If you’re aggravated, thank a criminal
I ran into a friend the other day at the store. I made the mistake of asking him how he was doing and he cut loose with a string of depressing things that happened to him since we last spoke. It didn’t take long before I was sorry that I asked.
We all have that friend or family member that walks around with a black cloud over their head. You know the kind. They would go to the beach and complain about the sand.
On the drive home I began to ponder things that make people unhappy and I realized that the majority of everyday aggravations are a direct result of criminals.
How many times have you had your innards jostled because you had to drive over a huge speedbump in a parking lot somewhere? Well, they are there because people who refuse to follow the speed limit drive through the parking lot like it was the Indy 500.
All those times when you sit down at your computer and fight for 30 minutes trying to remember your password is a result of criminals out there waiting to steal our information. We sit there and swear that the correct password is being entered only to recall that we changed it two weeks ago. By the time I get logged in, I’m too stressed to care anymore.

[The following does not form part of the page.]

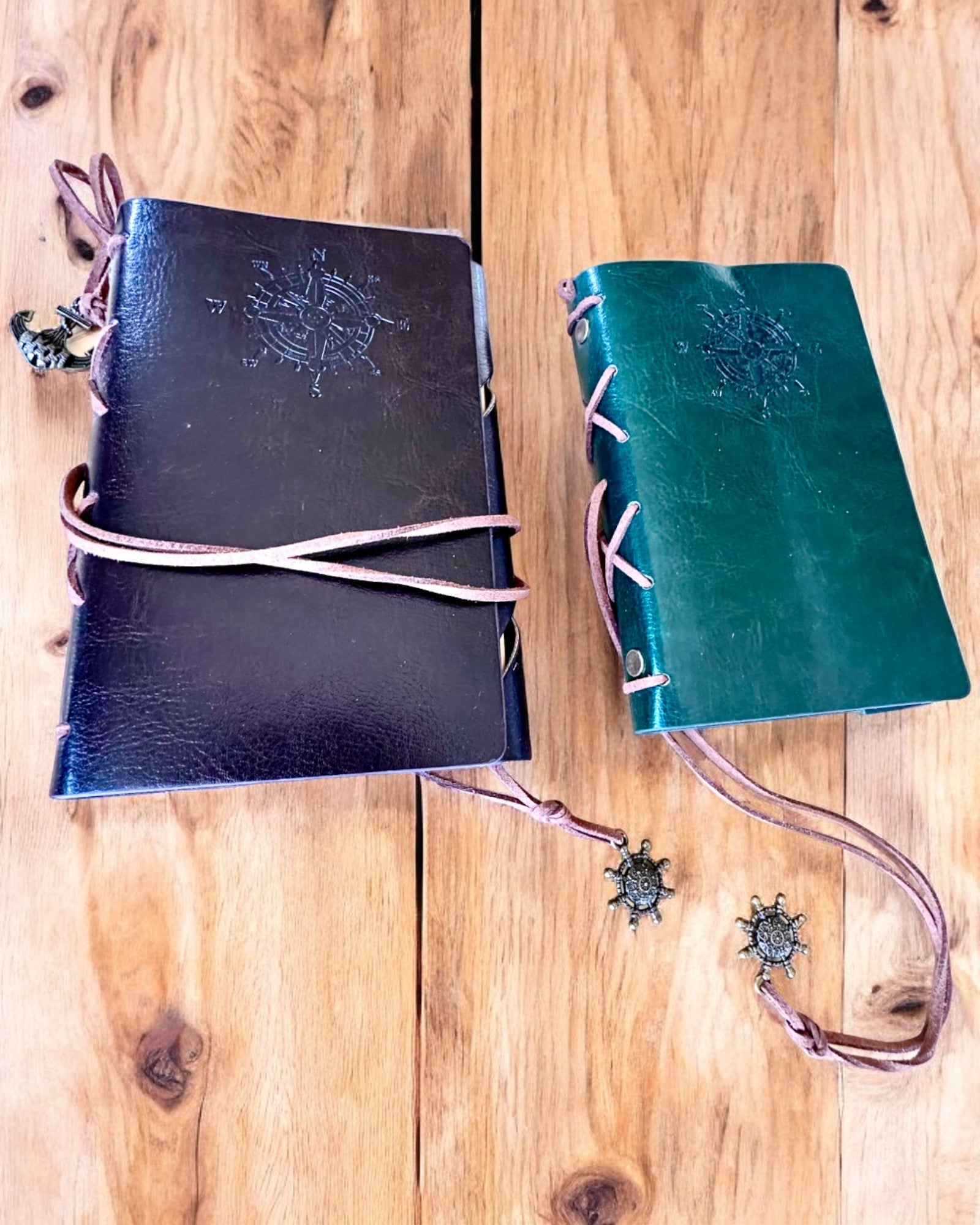 Vintage Sejlernotesbog A6 eller A7 størrelse - med Kompasmotiv og Lejede Sider - Tilgængelig i forskellige Farvevarianter, mulighed for gravering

Once I do get logged on, I then spend the next 10 minutes trying to read that weird writing to prove to the computer that I am not a robot. I assure you that if I was a robot, I would have not spent all that time trying to crack my own password.
I went to the dollar store yesterday to purchase some razors and found them protected inside a glass case. I had to wonder who is it that is stealing razors so much that they have to be placed inside a case. I opened the case to retrieve the razors I wanted and an alarm went off that sounded like there was an escape at Alcatraz. Thank you criminals. The need to protect the razors from you cost me 20 minutes of my life that I’ll never get back and the embarrassment of having everyone in the store look at me as if I was trying to break into Fort Knox.
I stopped by the bank the other day to deposit a check. I walked up to the teller window and presented the check and was told that I would need to present an I.D. to prove that it was my account. I told the teller, “Well, I don’t normally go around depositing checks into stranger’s accounts and if anyone wants to deposit anything into my account they certainly have my blessings to do so”. Thank you Criminals. Because of you, my statement that I thought was quite funny resulted in me having to wait 25 minutes to speak to the manager and caused me to get back home late and I missed the first 15 minutes of Judge Judy. Not cool!
Later that day, I called the electric company to pay my bill. I was interrogated harder than John Gotti to prove my identity. Not learning my lesson from the bank incident I told the operator, “Who is trying to sneak any pay my electric bill? Do you want my money or not”?
So, here I sit in the dark pondering how I ended up in this position. Now, I will never be able to finish watching Judge Judy. Thank you Criminals.